Washington Nationals vs Philadelphia Phillies Set Number: X162084 TK2

The $1.5M bonus the Washington Nationals gave Juan Soto when they signed the then 16-year-old outfielder out of the Dominican Republic in 2015 was at the time the largest that the club had ever given to an international free agent, and it was a significant investment made in a teenager who projected as a future power hitter in the majors even then.

“We’ll spend money when we feel it is legit,” Assistant General Manager and Vice President of International Operations Johnny DiPuglia told the Washington Post at the time.

“You’re signing a 16-year-old kid, essentially a sophomore in high school.

The evaluation process is different. We did our due diligence. … If we find guys like that, and everyone is on board, we’ll be aggressive. If not, we’ll back off.”

What they saw in Soto, however, was a future big league hitter, who had the potential to hit for power once he developed.
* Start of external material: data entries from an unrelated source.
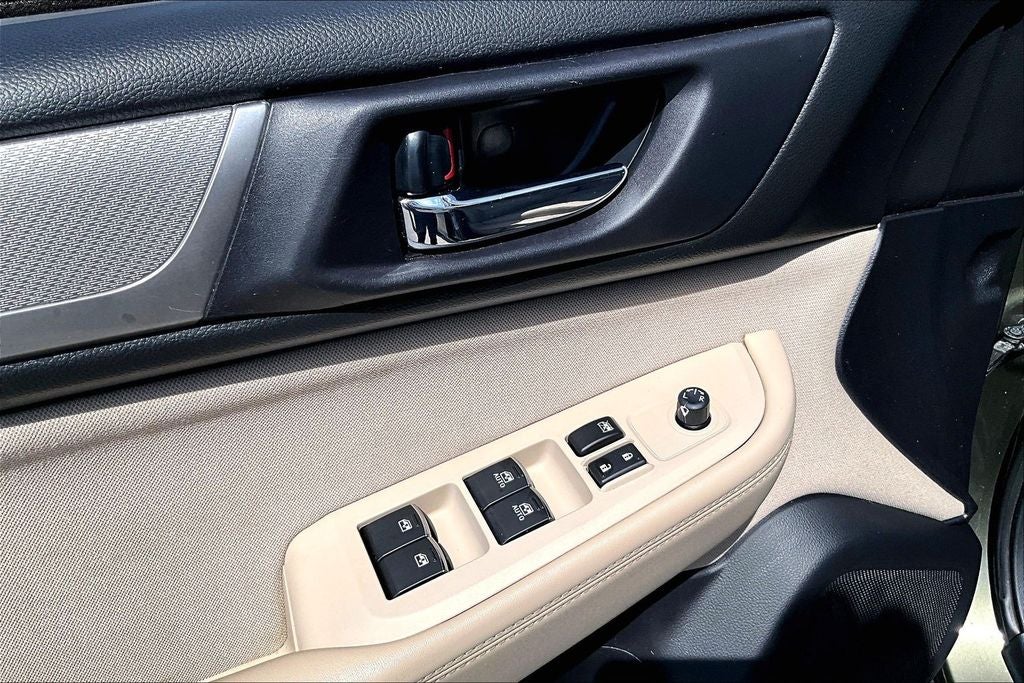 2019 Subaru Outback 2.5i Premium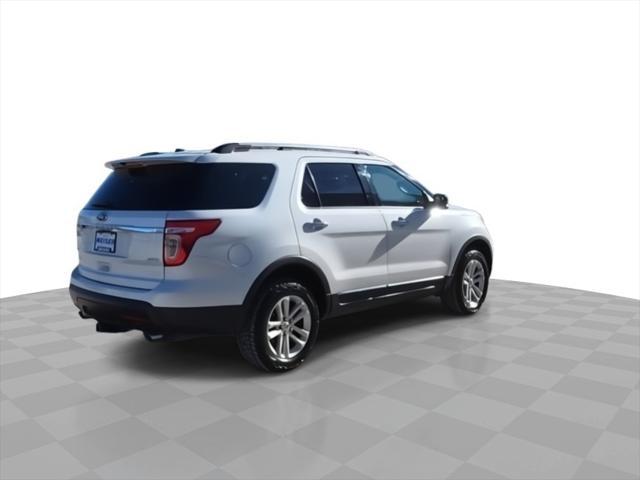 used 2015 Ford Explorer car, priced at $9,660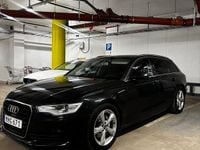 Begagnad Audi A6 177 HK (130 kW) 2012 Kombi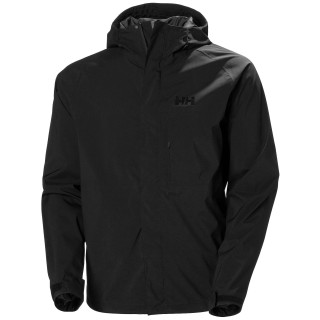 Giacca da uomo Helly Hansen Sirdal 2L Jacket nero Black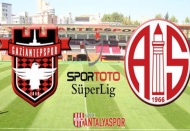 Antalyaspor – Gaziantepspor maçını Suat Arslanboğa yönetecek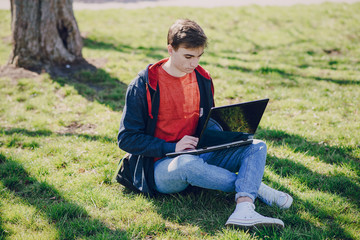 The guy with gadgets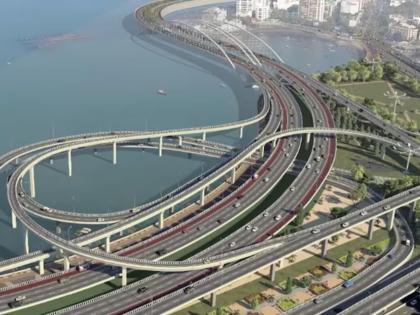 Mumbai Coastal Road Phase One Inauguration Postponed Amid Lok Sabha Seat-Sharing Talks | Mumbai Coastal Road Phase One Inauguration Postponed Amid Lok Sabha Seat-Sharing Talks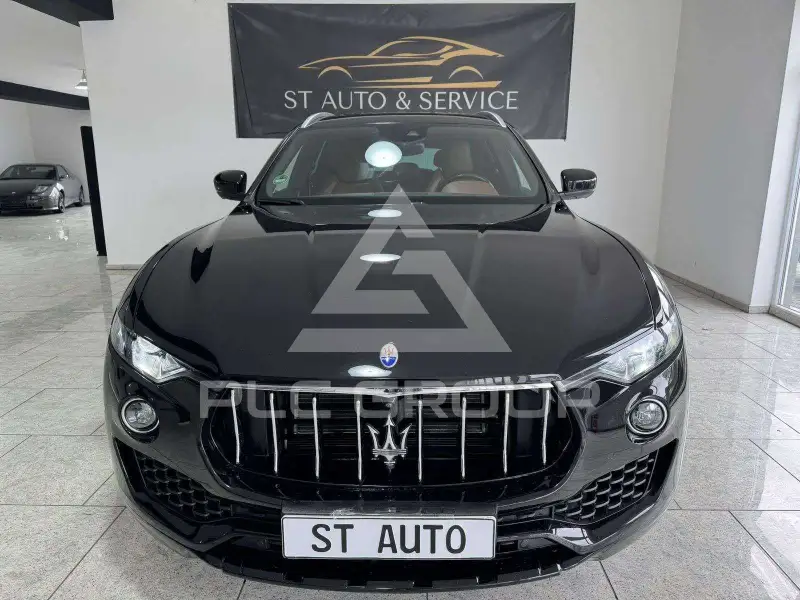 2018 Maserati LEVANTE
“We think he’s the best left-handed hitter on the market,” DiPuglia explained after the Soto signing was announced.

“He understands using the whole field. And has good balance at the plate. You’re looking for guys that can hit and he’s got great makeup, too. And ultimately, we think he’s going to have some power.”

The first time that DiPuglia saw Soto, however, he wasn’t all that impressed with ... the pitcher.

“We saw him when he was probably 14 and a half years old as a left-handed pitcher,” DiPuglia told FBB’s Blake Finney last spring.

“Obviously, there wasn’t a lot to be excited about it there,” he added.

“And then my staff, Modesto Ulloa, Fausto Severino, and Casey McKeon, who also was going down there, we were on a trip and we saw him in the outfield and he still wasn’t a guy that lit you up out there, but we really liked what we saw at the plate, the way he could manipulate the bat, foul pole to foul pole, line drive, very highly-educated skillset on how to become a good hitter.

“We followed him and he got better and better and then to the point where we got a verbal deal in Fort Lauderdale at the stadium for the amount of money that we signed him for.”

Soto did, as DiPuglia has previously explained, get offered more than the $1.5M he got from the Nationals, but he signed with the club because he’d agreed to do so and given his word.

“We scouted him pretty intensely in the Dominican,” DiPuglia recounted in an MLB Network Radio interview in August of 2020, “and there was a showcase in Ft. Lauderdale, and I went over there to see him.

“And he was impressive, the way his at bats were, the way he tracked balls, the way he hit line drives foul pole to foul pole, so I was able to get him out of the game and put him in a batting cage in Ft. Lauderdale, which was kind of abandoned at that time, it’s since been knocked down, and there was a homeless person in there, I had to go in there and give him $20 to get him out of there so we could work [Soto] out. We worked him out and this guy was hitting balls like a bomb was coming off of a tank and we came to a verbal agreement.”

But just a verbal agreement at that point, and DiPuglia wasn’t the only scout that saw Soto’s potential.

“When I came out Mike Russell (Detroit) and De Jon Watson (Arizona) were outside trying to figure out what was going on,” DiPuglia said of the other serious suitors for Soto’s services.

“And I told them to move on, that the deal was done, so they were a little too late on the evaluation.”

“Now De Jon works with me, De Jon works with the Nationals,” DiPuglia added of Watson, who has been a special assistant to Nationals’ GM Mike Rizzo since 2017, and was recently named the Nats’ new director of player development.

DiPuglia said that years later he still reminds Watson how that race to get Soto signed worked out.

“He brings it up all the time: ‘I offered that kid $2.5M and he signed with you for $1.5M, why did that happen?’”

“I go, ‘Once they give me a handshake they’re never going to go back on it.’”

What did DiPuglia see from Soto at 16 that made him confident enough to sign him?

“There’s a saying that a good friend of mine Rene Gayo always told me. He said ‘When you go to a ball field and you see a dog playing checkers, sign that guy.’

“I don’t know if you guys understand what I’m trying to tell you? Have you ever seen a dog playing checkers?

“That was Juan Soto the day we evaluated him in that Ft. Lauderdale stadium.”